I'll put the answers below, don't peek.
#1: You are doing an EKG on a patient who says he is mild SOB, but feels much better once he is on 2lpm nasal cannula. You notice he has the cardiac scar. After you finish the treatment, you learn by auscultation he has crackles 1/2 way up.
#2: You are doing an EKG, and you ask the patient if he is having any shortness-of-breath or chest pain. He says, "No. I'm having bad back pain." Upon auscultation you learn the patient has crackles in the left lower lobe. He then reveals that he does have pain with deep inspiration.
#3: You are called STAT to ER for a patient in severe respiratory distress. He has been a 3 pack a day smoker since he was 7, and he's 77. His ABGs are cruddy, and reveal severe acidosis. You look up on the monitor and see the prototypical fireman's helmet on the rhythm strip. This is verified by an EKG.
#4: You have a patient who has asthma and he smokes. He states that he is mild sob.
Here is how the above cases turned out:
#1: The patient has obvious signs of CHF. No breathing treatment indicated. If the patient is wet, you don't want to put more fluid into his lungs. The patient should be treated for suspected CHF, with some Lasix perhaps. Along with diagnosing and treating the CHF, the doctor ordered Q1 hour bronchodilator.
#2: I surmised the patient had pneumonia of the left lower lobe. I would recommend no breathing treatment because the patient is not SOB and shows no signs of bronchospasm. The doctor diagnosed the patient with pleurisy. She diagnosed this way because "the x-ray showed no pneumonia, and his labs are normal." Still, I think this guy has pneumonia, but that's just my humble guess. Either way, a bronchodilator doesn't treat inflammation. Still, a Q1 hour bronchodilator was ordered.
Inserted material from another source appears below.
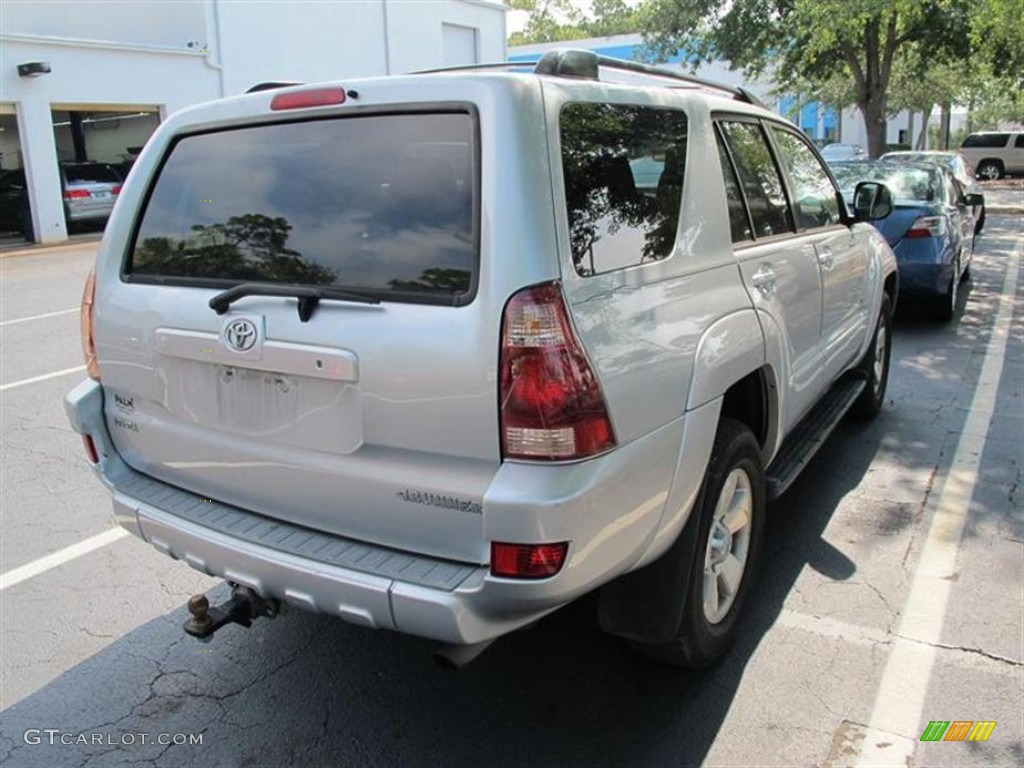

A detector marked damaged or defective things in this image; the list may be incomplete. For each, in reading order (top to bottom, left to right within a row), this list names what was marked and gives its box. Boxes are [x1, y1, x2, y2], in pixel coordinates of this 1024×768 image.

cracked asphalt [0, 218, 1020, 768] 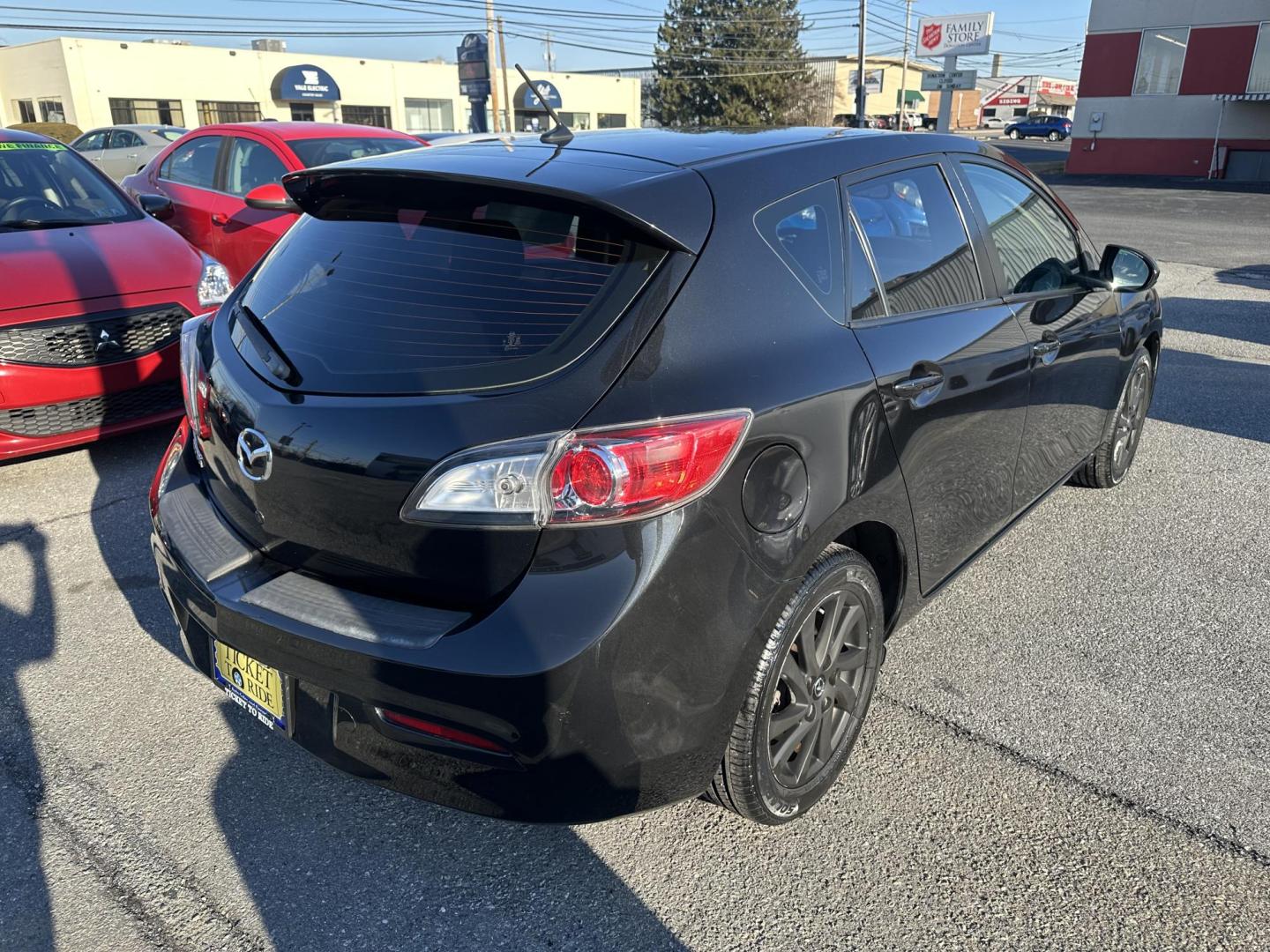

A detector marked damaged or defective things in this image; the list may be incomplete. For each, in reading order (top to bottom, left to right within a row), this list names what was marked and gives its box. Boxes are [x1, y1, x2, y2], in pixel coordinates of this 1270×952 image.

pavement crack [878, 695, 1270, 873]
The patient noted no difference with any of them.
#3: The pt is labored secondary to having an MI. The patient needs to be intubated. The doctor eventually intubated the patient, but only after an hour long continuous bronchodilator treatment was finished with no results.
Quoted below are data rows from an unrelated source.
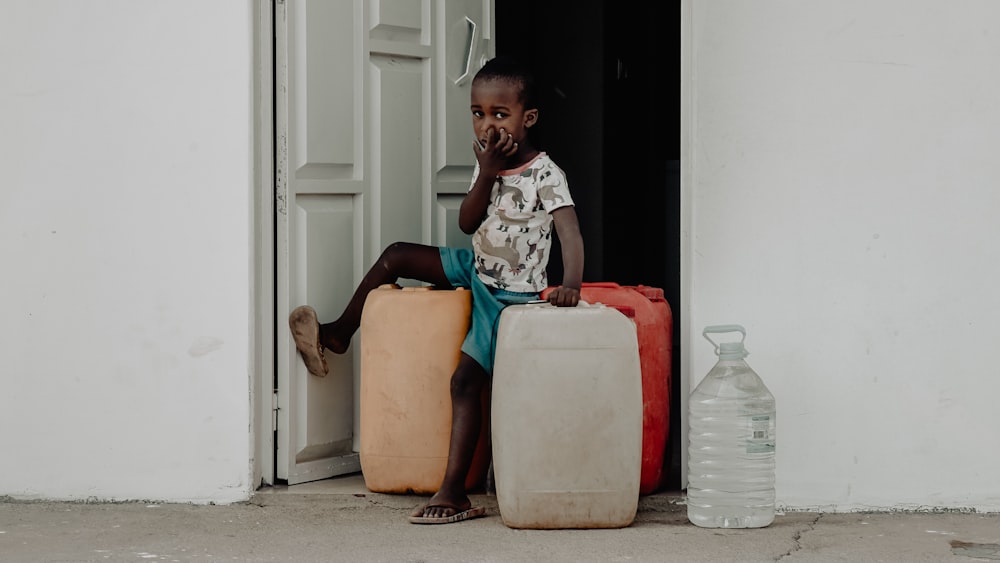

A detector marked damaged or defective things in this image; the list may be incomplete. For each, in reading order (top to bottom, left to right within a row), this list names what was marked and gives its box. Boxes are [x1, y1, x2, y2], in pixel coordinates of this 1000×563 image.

cracked concrete [1, 476, 1000, 563] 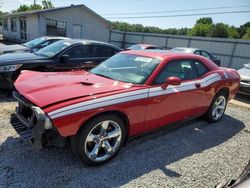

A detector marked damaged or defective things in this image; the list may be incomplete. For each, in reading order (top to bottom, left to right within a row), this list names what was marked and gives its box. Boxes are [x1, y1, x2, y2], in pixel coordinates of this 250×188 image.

damaged front bumper [10, 92, 66, 149] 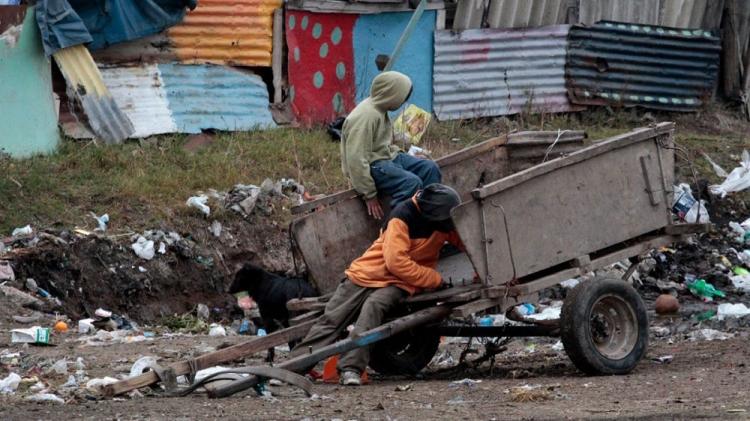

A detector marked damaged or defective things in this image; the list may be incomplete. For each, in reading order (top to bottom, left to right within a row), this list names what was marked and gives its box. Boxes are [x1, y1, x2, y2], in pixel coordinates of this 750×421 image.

rusted metal sheet [53, 44, 135, 143]
rusted metal sheet [94, 63, 276, 137]
rusted metal sheet [169, 0, 284, 66]
rusted metal sheet [434, 24, 580, 120]
rusted metal sheet [568, 21, 724, 111]
rusty cart [104, 121, 704, 398]
rusted metal sheet [290, 130, 592, 292]
rusted metal sheet [456, 123, 680, 284]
#4: This patient has a good chance of bronchospasm. A bronchodilator is indicated because bronchodilators treat bronchospasm. The patient was diagnosed with asthma attack. The treatment really opened the patient up, and a second one was probably warranted. The doctor ordered a one time breathing treatment. A second treatment was never ordered on this patient who actually could have benefited from a second one.
So, how did you do. I bet you did pretty well.
Personally, I think it is fine to try a bronchodilator on all these patients, because there's always a possibility there might be a bronchospasm component. The ordering of further treatments should be based on assessment.
But that's just me.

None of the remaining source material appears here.